井堀利宏氏: そうですね。もちろん就職も多少考えたんですけど、普通の会社に入ると朝早く起きなきゃいけない(笑)。その当時からどっちかって言うと朝起きるのが苦手ですから。朝早く起きて通勤列車で会社へ行くのもなって感じで(笑)。院生は時間的に自由裁量ありますからね、どこでも。好きな時間に起きて、好きな時間に寝て、好きに研究出来ればそれにこしたことないなって(笑)。多少所属の面で就職のリスクとかはあるけれど。やっぱり当時だったら東大を卒業して大企業とか、銀行に入ればそれなりに高い給料もらえるわけだけど、院生に行くとほとんど生活スタイルが学部時代と変わらないんです。大学院を出ても就職できないかもしれないリスクがありますけど、自由が良いなと思って(笑)
――色々な選択肢の中で研究生活を選ばれたんですね。
井堀利宏氏: そうですね。当時は今と違ってね、大企業って本当にしっかりしていた時代だった。だからわれわれの学部時代のゼミで1番できた人っていうのは国鉄とか東京電力に行った。あとは生保ですね。そういうとこっていうのは1番優雅な生活ができた。それが今は変わっちゃったからね。われわれが就職するときはちょうど、1974年の石油ショックの直前だったので、皆内定をばんばんもらっていました。昼食会、夕食会とか、企業から接待が来た時代でした。でもそれが石油ショックで一転して、その1年後はもう変わっちゃってた。だからそのときに、就職しても時間も制約されるし、大学院生の方が気が楽でしたね(笑)。

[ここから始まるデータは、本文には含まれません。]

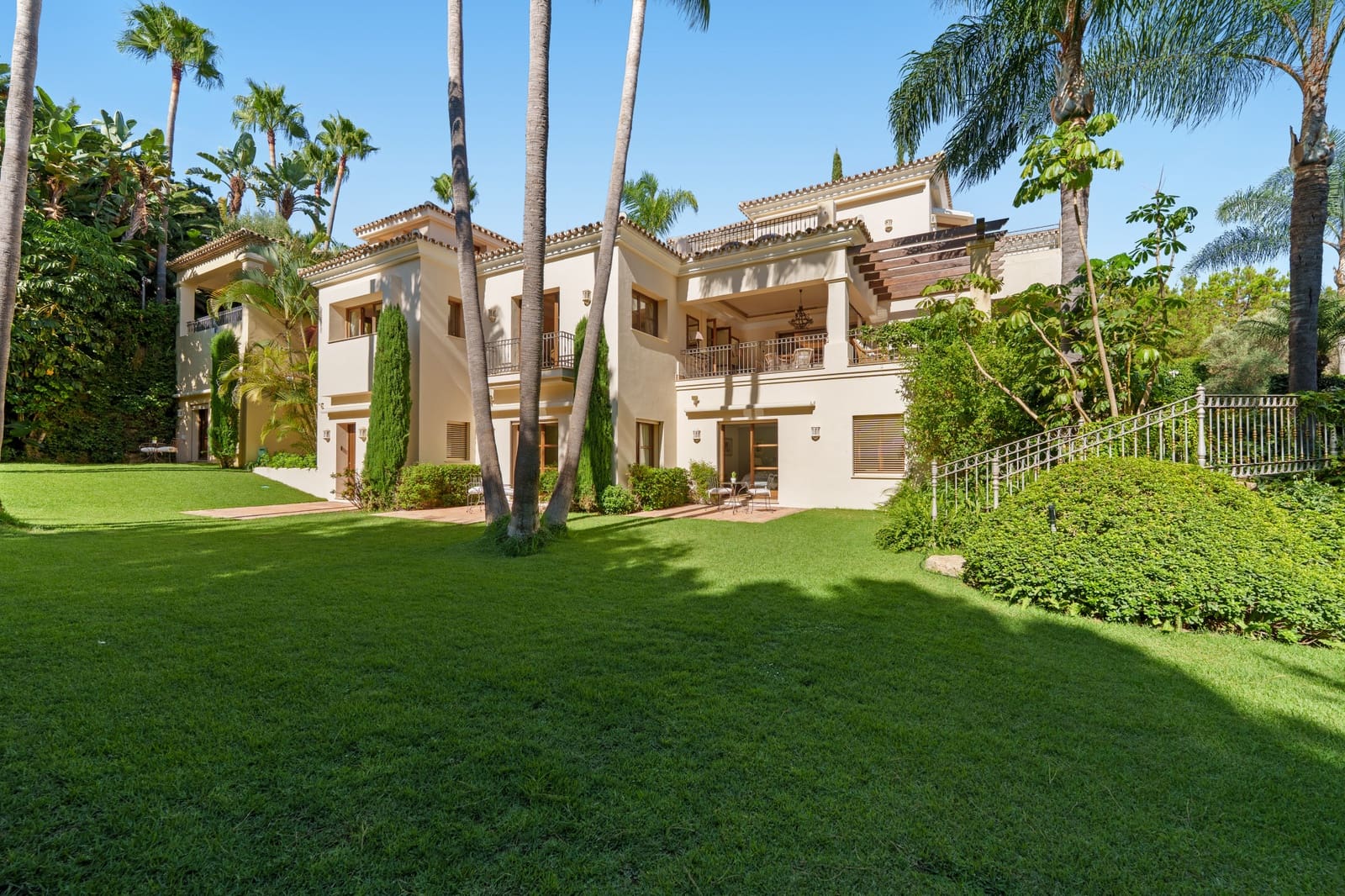 6 Zimmer Villa zu verkaufen in Marbella mit Pool Garage - 8.950.000 € (Ref: 9585987)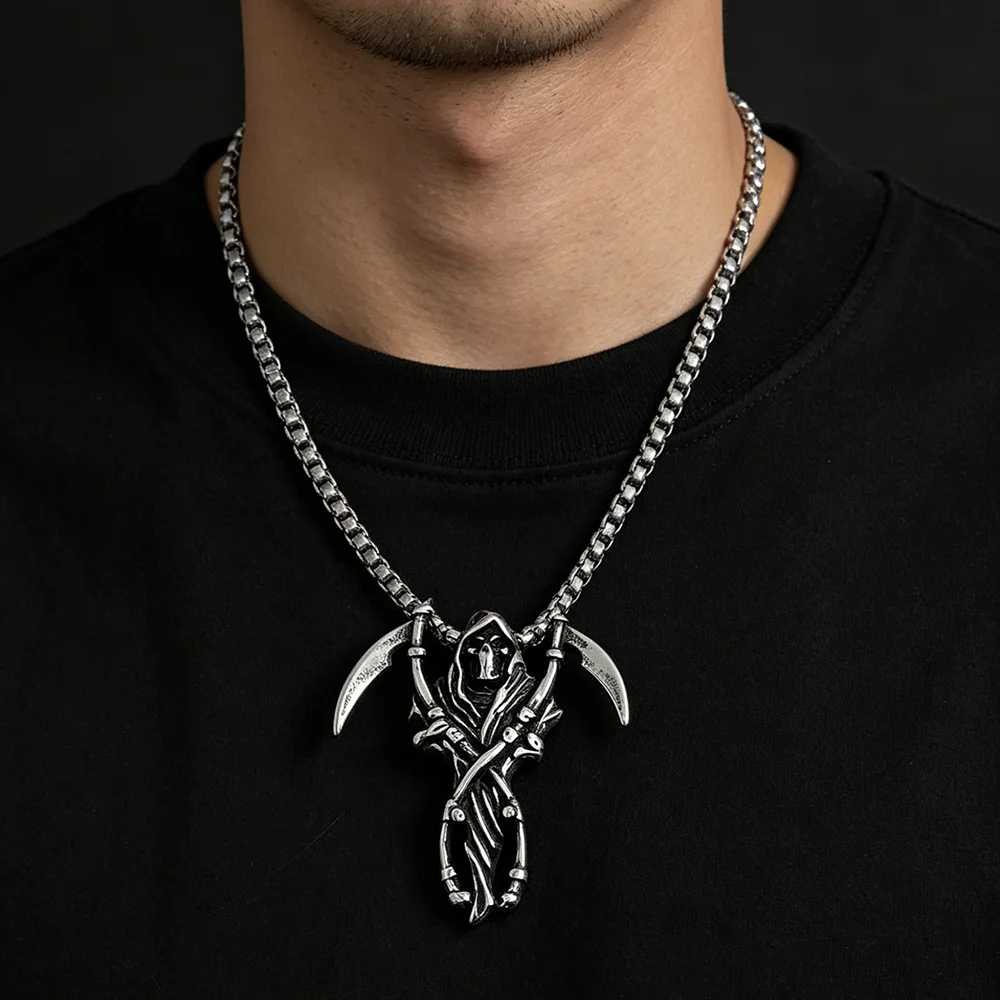 Retro cast sickle witch stainless steel necklace, waterproof and non-fading blackening process, bulk sales pendant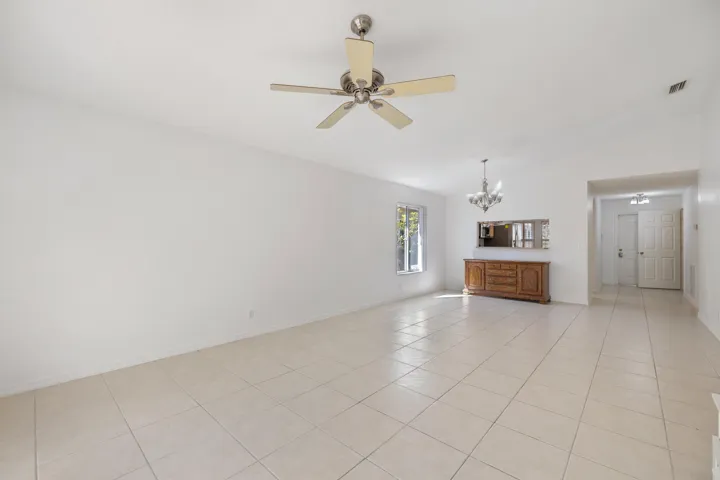 3800 Woodfield Dr-19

紫綬褒章では大竹しのぶさんと佐々木監督と一緒の受賞だった
――長い研究生活の中で、2011年に紫綬褒章を受章されましたね。そのときはどのようなお気持ちでしたか?
井堀利宏氏: いやぁ、よく分かんないですよね、紫綬褒章。あれはもちろん通知が来る前に内々にあるんですよ。候補っていうのは実際には決まっているんだけど。それで半年前に色々書類を出せと言われる。
――書類ですか。
井堀利宏氏: 業績も含めて色々と書類を出すんです。紫綬褒章は、ここの学部だとその前の年に吉川先生がもらったし、半年前に伊藤隆敏さんももらっていたんで、そんなにびっくりしなかった。ただあれは、オリンピックがあると金メダリストと一緒になるでしょう。だからそういう有名人のどなたと一緒になるのかなっていうのが楽しみでした(笑)。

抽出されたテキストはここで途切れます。